His departure, from a position he had held only a year, widened a divide between The Times and its corporate parent. In Chicago, executives saw him as imperious and defiant, imperiling a centralization strategy that had recently saved the company $75 million, according to a figure it provided The New York Times.
But to many at The Los Angeles Times, Mr. Beutner and his plan represented ambition and optimism after more than a decade of management turnover, layoffs and cost-cutting that had demoralized many employees and reduced the newsroom from 1,200 to its current staff of about 500. The strategy, focused on growth, had quickly yielded more than $1 million in new revenue, and looked poised to yield more, said three people with knowledge of the company’s finances.
Newsrooms everywhere are given to apocalyptic predictions of their own demise. But more than a dozen current and former Times and Tribune staff members — both in the newsroom and on the business side — suggested that The Times was facing a crisis more dire than any it had previously weathered. It has been battered by cutbacks for so long, they said, that it cannot wait any longer for the company’s strategy, which has shown few signs of working, to bear fruit. It must grow its way to the future, they said, not slash.
Their concern is shared by some of the most powerful people in Los Angeles, many of whom Mr. Beutner numbers as friends. They have risen up to unleash what seems like years of pent-up frustration. “Tribune has just destroyed the paper over the years — they sucked the blood out of it — and only over the last year, since Austin became publisher, did it start to feel like a hometown newspaper again,” said Antonio Villaraigosa, the former mayor in whose administration Mr. Beutner served as deputy mayor.
We are finally, finally, finally starting to talk about what’s really happened to newspapers. Finally. I’ve been yelling about this for two decades. The Internet has done nothing to newspapers compared to what their corporate owners have done. The Internet took away an easy source of revenue nobody had to think about.

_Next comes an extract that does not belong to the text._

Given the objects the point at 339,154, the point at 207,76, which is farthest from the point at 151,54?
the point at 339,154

That’s all the Internet did. The rest of it, the cuts and the equating “less” with “not enough” and the justification and the trend-chasing and the flailing and the insulting readers and potential customers and the clueless bitching in the trades and the corporate weasel-speak, that was ALL a business management issue. We spent a decade having blogger ethics panels and not a goddamn minute having boardroom ethics panels, and this is the result.
And for that, firings aren’t the answer and paywalls aren’t the answer and hyperlocal isn’t the answer and writing endless wanking editorials about “digital first” aren’t the answer and for the love of Our Lord Baby Jesus the First Keyboarder cutting production days and cancelling home delivery aren’t the answer because Jesus God, people just want a good paper.
They want a good paper the same way they want a good web site or a good burger place or a good police force. They want something good that knows what it is about and provides a service that is valuable. That’s what customers of ANYTHING want. This shit isn’t complicated if you aren’t a lazy asshole who knows he can get away with the same line of bullshit journalists have been swallowing from other journalists for 30 years.
It isn’t complicated. It’s not about delivery systems, it’s about whether you are providing something good and can do that. If you want to not do that, but still make money, you’d better be running a casino or dealing cocaine, because those are the only two businesses where you can ruin your customer’s day and they’ll thank you for it.